## WHAT TO WORK ON
What you return should be every line below, word for word, and none of the images.

╭─ RECORDED INFORMATION

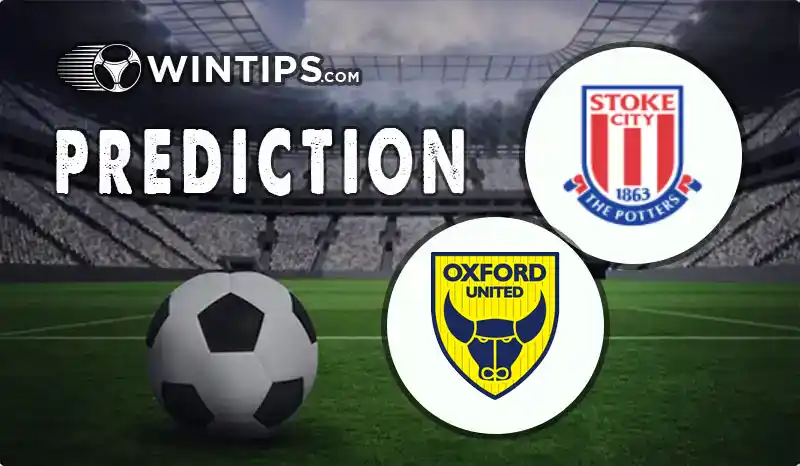 Stoke City vs Oxford United Predictions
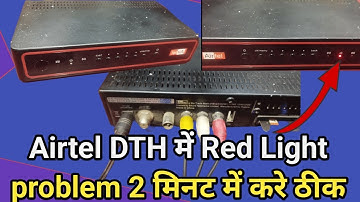 Airtel DTH red light problem | Airtel DTH red light blinking | Airtel DTH red light |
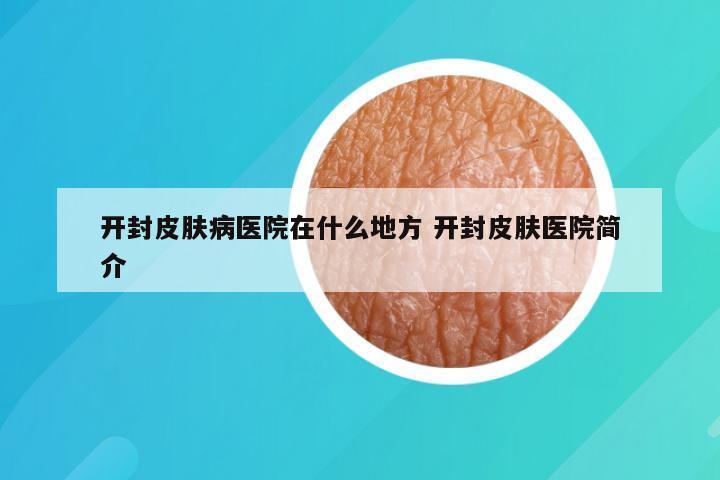 开封皮肤病医院在什么地方 开封皮肤医院简介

╰─

## FINISHED EXERCISE
 Stoke City vs Oxford United Predictions
 Airtel DTH red light problem | Airtel DTH red light blinking | Airtel DTH red light |
 开封皮肤病医院在什么地方 开封皮肤医院简介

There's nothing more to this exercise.